[Items from a data source]
──────

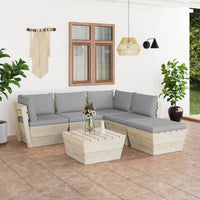 Thumbnail for 6-tlg. Garten-Sofagarnitur aus Paletten mit Kissen Fichtenholz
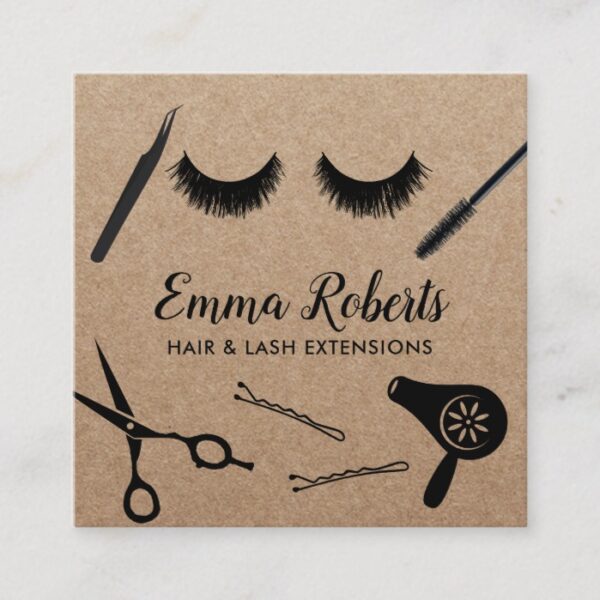 Hair Stylist & Eyelash Extensions Rustic Salon Square Business Card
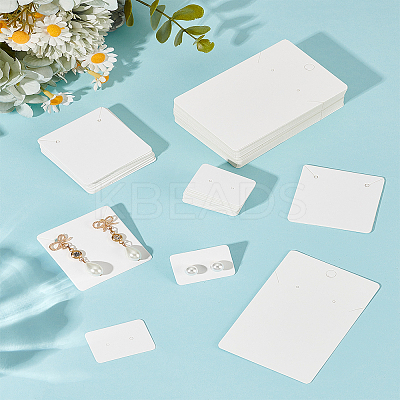 150Pcs 3 Styles Rectangle Paper Jewelry Display Cards Set for Earrings Necklaces CDIS-LP0001-20-1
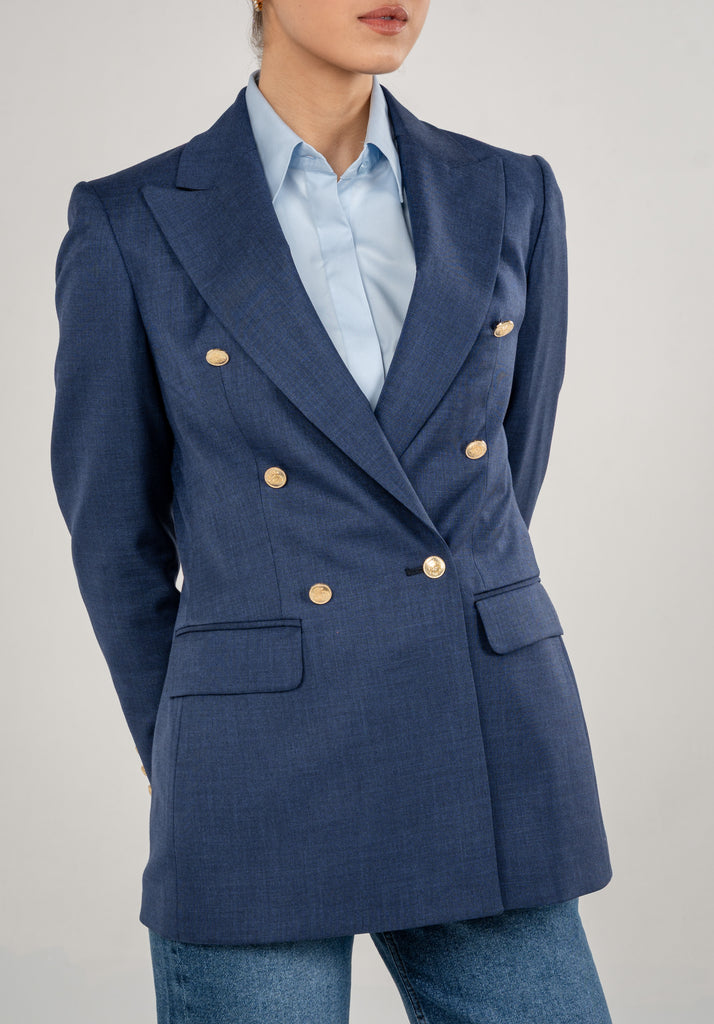 Double Breasted Blazer With Front Flaps
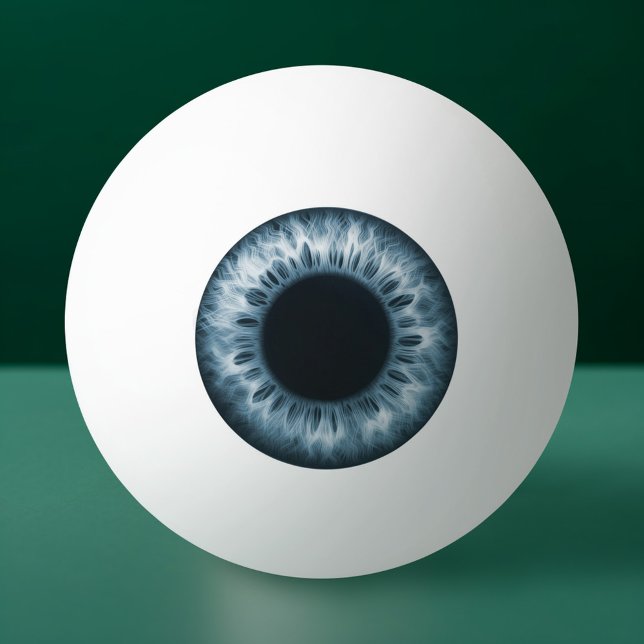 Blauer Iris-Auge witziger Scherzwitscher-Neuheit Tischtennisball (Eyeball blue iris eye funny prank joke novelty ping pong ball)
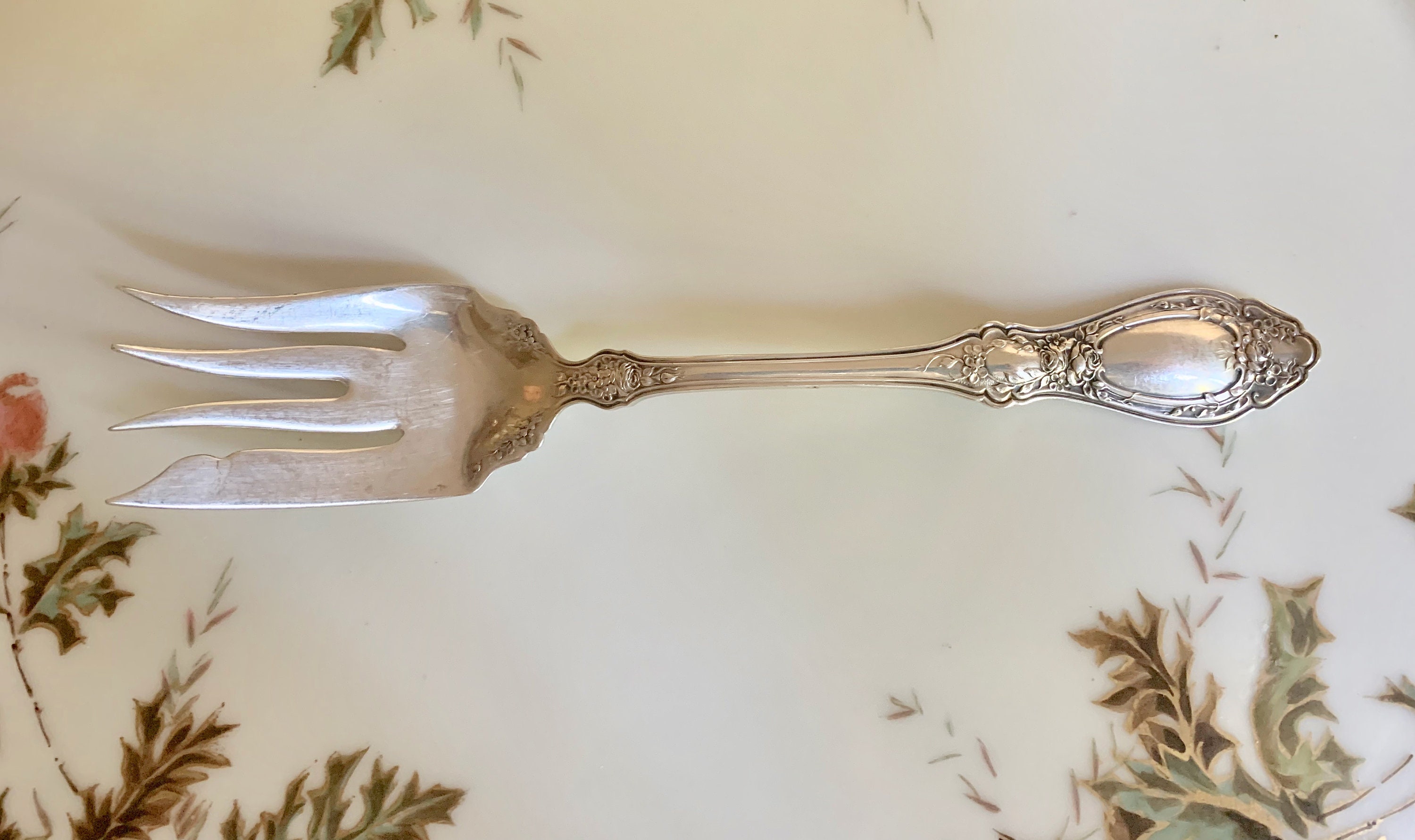 Silver Serving Fork, Antique Silver Plate Cold Meat Fork, 1910 Sharon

──────

** WHAT YOU SHOULD DO **
Where a record above holds a picture, drop the picture and print the rest exactly.

** ANSWER TO THE EXERCISE **
 Thumbnail for 6-tlg. Garten-Sofagarnitur aus Paletten mit Kissen Fichtenholz
 Hair Stylist & Eyelash Extensions Rustic Salon Square Business Card
 150Pcs 3 Styles Rectangle Paper Jewelry Display Cards Set for Earrings Necklaces CDIS-LP0001-20-1
 Double Breasted Blazer With Front Flaps
 Blauer Iris-Auge witziger Scherzwitscher-Neuheit Tischtennisball (Eyeball blue iris eye funny prank joke novelty ping pong ball)
 Silver Serving Fork, Antique Silver Plate Cold Meat Fork, 1910 Sharon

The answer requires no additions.